We generate revenue from the fees that we charge our customers for providing transaction processing and other payment-related services and by assessing our customers based primarily on the dollar volume of activity on the cards and other devices that carry our brands. Changes in cardholder spending behavior, influenced by economic conditions, impact our ability to grow our revenue. Our revenue depends heavily upon the overall level of consumer, business and government spending. While cardholder and merchant relationships are generally managed by our customers, we work with merchants to help provide value to them and benefits to consumers.
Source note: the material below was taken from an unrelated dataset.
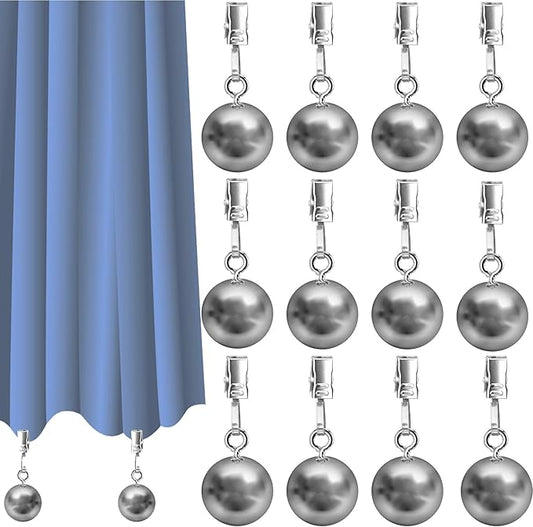 12 Pack Heavy Duty Curtain Weights, Heavy Weights for Outdoor Curtains of Pergola Patio Gazebo Cabana, Stainless Steel Weight Clip Down Curtain, Garden Flag, Shower Curtain, Tablecloth-VerdiqueGarden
We do not issue cards, extend credit to cardholders, determine the interest rates (if applicable) or other fees charged to cardholders by issuers, or establish the "merchant discount" rate charged by acquirers in connection with the acceptance of cards that carry our brands.
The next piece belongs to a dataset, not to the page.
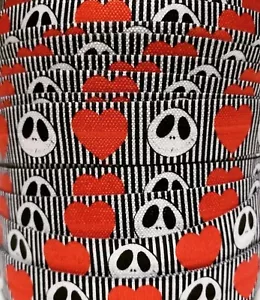 FOE, Jack Skellington, Red Hearts elastico pieghevole 5/8" da cortile NUOVO - Foto 1 di 1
Our ability to grow is based on three drivers:
personal consumption expenditure growth;
the trend within the global payments industry from paper-based forms of payment, such as cash and checks, toward electronic forms of payment (such as those made via payment cards and other devices); and
our share in electronic payments through innovative solutions and new technology.
We support our focus on these drivers by continuing to:
grow our core businesses globally, including credit, debit, prepaid and commercial programs and solutions, as well as the processing of payment transactions over the MasterCard Worldwide Network;
diversify our business by seeking new areas of growth in markets around the world, expanding points of acceptance globally, seeking to maintain unsurpassed acceptance, and deepening existing relationships or entering into new relationships with payments industry participants, such as merchants, governments and telecommunications companies; and
build new businesses through technology and continued strategic efforts and alliances focused on innovative payment methods like electronic commerce (e-Commerce) and mobile capabilities.
See “-Business Environment” for a discussion of considerations related to our long-term strategic objectives.
We recorded net income of $879 million, or $7.27 per diluted share, and $2.5 billion, or $20.46 per diluted share, for the three and nine months ended September 30, 2013, respectively, versus net income of $772 million, or $6.17 per diluted share, and $2.2 billion, or $17.07 per diluted share, for the three and nine months ended September 30, 2012, respectively.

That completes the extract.